The following opinion column by Ken Neumann, United Steelworkers National Director for Canada, has been published in the Globe and Mail.
A gloomy holiday season awaits thousands of Canadians whose livelihoods depend on our domestic steel and aluminum industries, their family gatherings sure to be tinged by a sense of foreboding for what lies ahead in the new year.
For months, workers and manufacturers across the country have increasingly been feeling the threat stemming from U.S. tariffs on Canadian steel and aluminum – levies that are widely recognized as illegal under international trade rules. These fears are exacerbated by recurring reports that the United States is making unacceptable demands for export quotas as alternatives to the illegal tariffs.
A chilling reality is setting in for more and more Canadians – our government has surrendered its leverage to fix the steel and aluminum crisis and avert devastation for so many families and communities.
Federal government data indicate that since the Trump administration’s “national security” tariffs came into effect in June, monthly Canadian steel exports to the United States have plummeted by up to 29 per cent and aluminum exports have dropped by as much as 25 per cent.
Canada’s steel and aluminum sectors directly and indirectly support 175,000 middle-class jobs across the country.

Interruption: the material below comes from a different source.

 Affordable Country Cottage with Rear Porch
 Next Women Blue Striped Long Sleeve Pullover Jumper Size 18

With no positive resolution to the tariff dispute in sight, these Canadian families and businesses are bracing for the worst in 2019.
Business, community and labour leaders have been clear in warning Ottawa of the potential for massive, permanent damage from the crisis.

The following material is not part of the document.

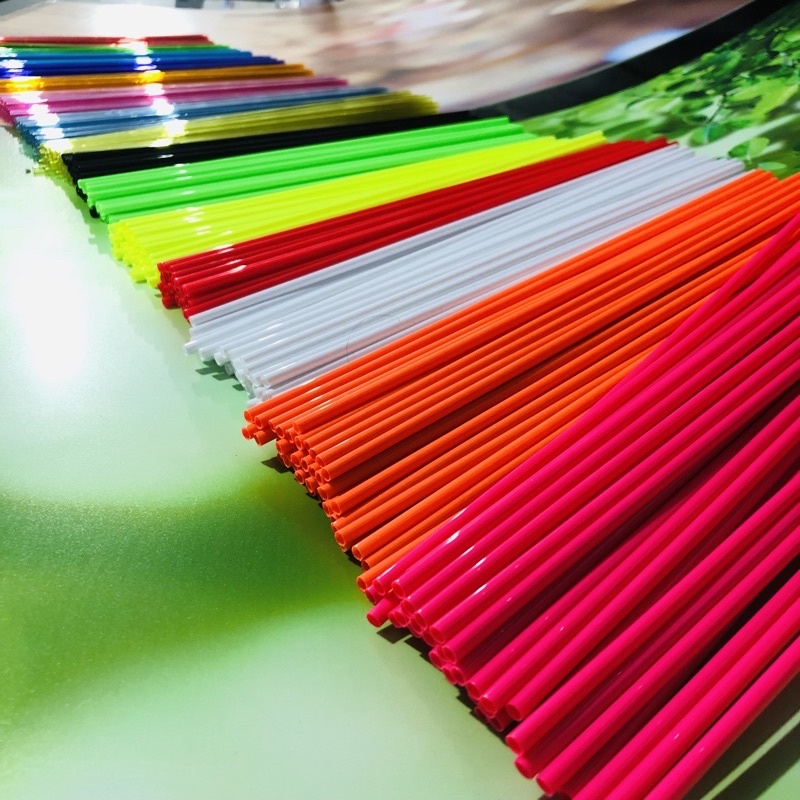 Artimagem Palito Para Pirulito Canudo Vareta 30cm 50 Un Tubo Pet Colorido Várias Cores Canudo Vareta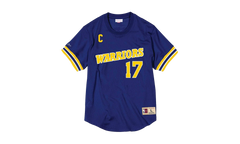 NBA Chris Mullin Name & Number Mesh Crewneck "Golden State Warriors - Royal" BA84X4 GSW B CCV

The chamber of commerce in southwestern Ontario’s Elgin County, for example, reports an imminent, direct threat to 5,000 manufacturing-related jobs – a staggering 25 per cent of all employment in the region – with thousands more jobs indirectly at risk.
Multiply such dire scenarios across the country and it becomes evident that fears of devastating impacts in the new year are not overblown.
It wasn’t supposed to be this way. But the Liberal government has repeatedly failed in its promise to defend the interests of Canada’s steel and aluminum workers.
There was much sunny optimism at the outset of negotiations on a new North American free-trade agreement, with the Liberals promising Canadians a “win-win-win” deal for all parties.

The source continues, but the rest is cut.